** Data shown follows **

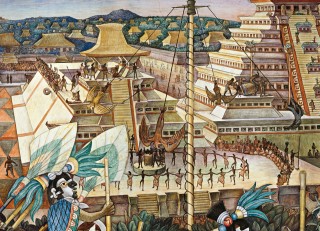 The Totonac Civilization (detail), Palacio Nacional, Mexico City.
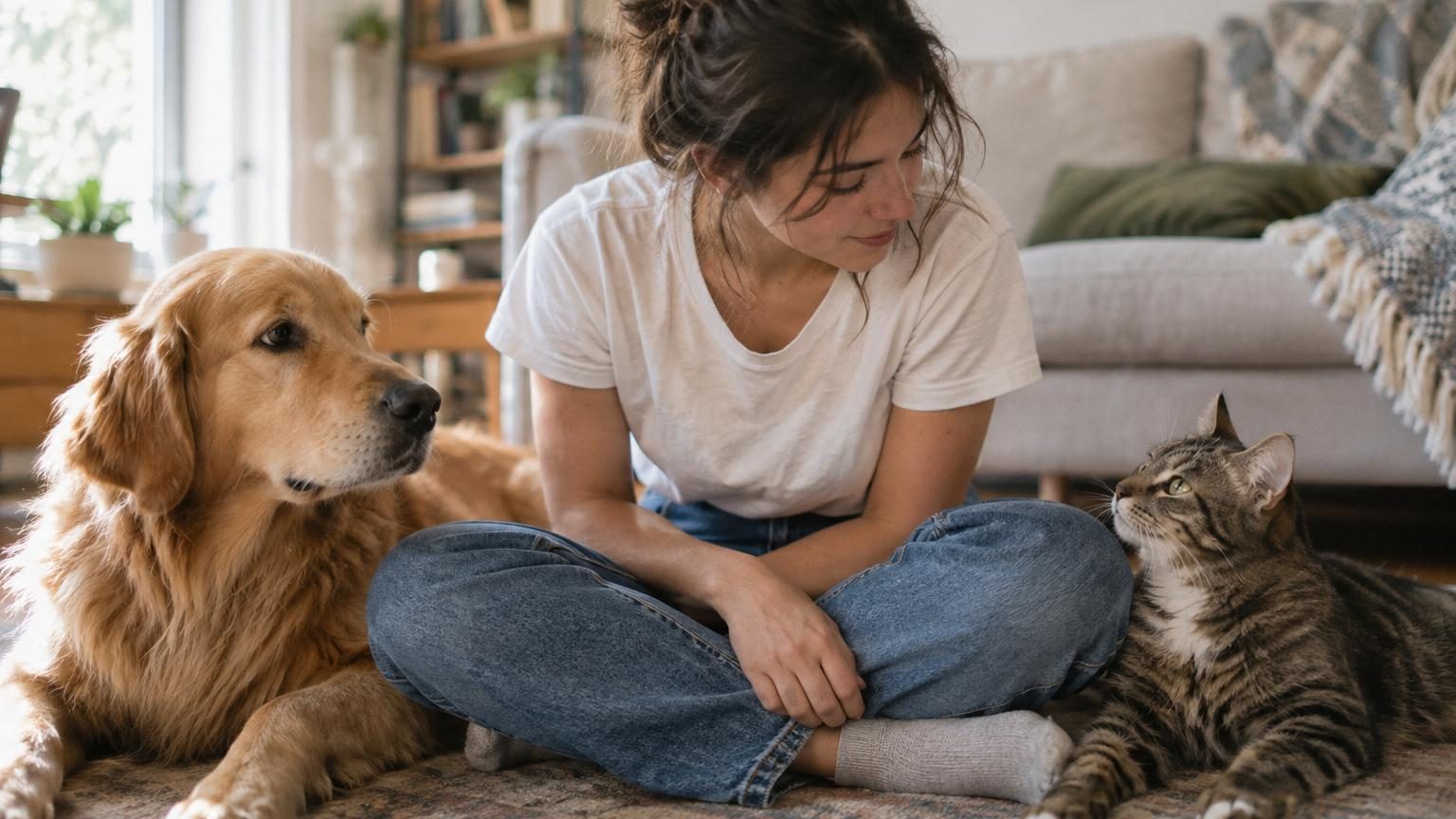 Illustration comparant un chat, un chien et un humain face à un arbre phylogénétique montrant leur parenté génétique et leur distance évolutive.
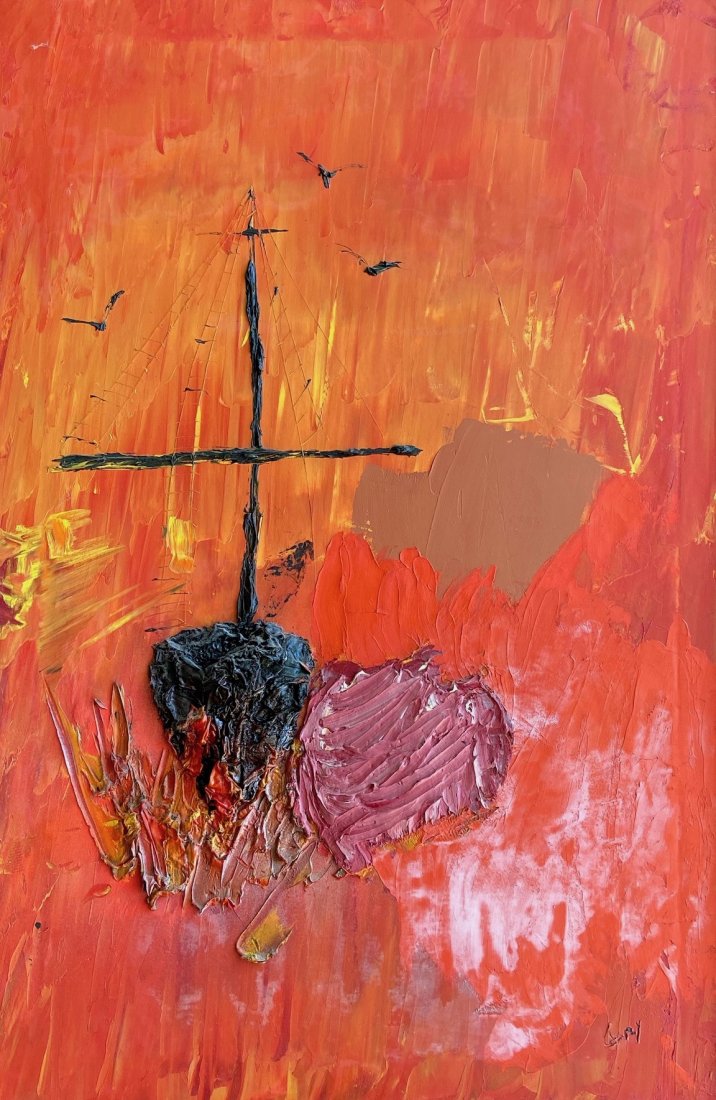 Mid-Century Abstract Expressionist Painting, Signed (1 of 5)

** End of Data shown **

Exercise brief:
Pictures excluded, output exactly the line that contains "Illustration comparant un" and every line after it to the end of the data above.

Exercise solution:
 Illustration comparant un chat, un chien et un humain face à un arbre phylogénétique montrant leur parenté génétique et leur distance évolutive.
 Mid-Century Abstract Expressionist Painting, Signed (1 of 5)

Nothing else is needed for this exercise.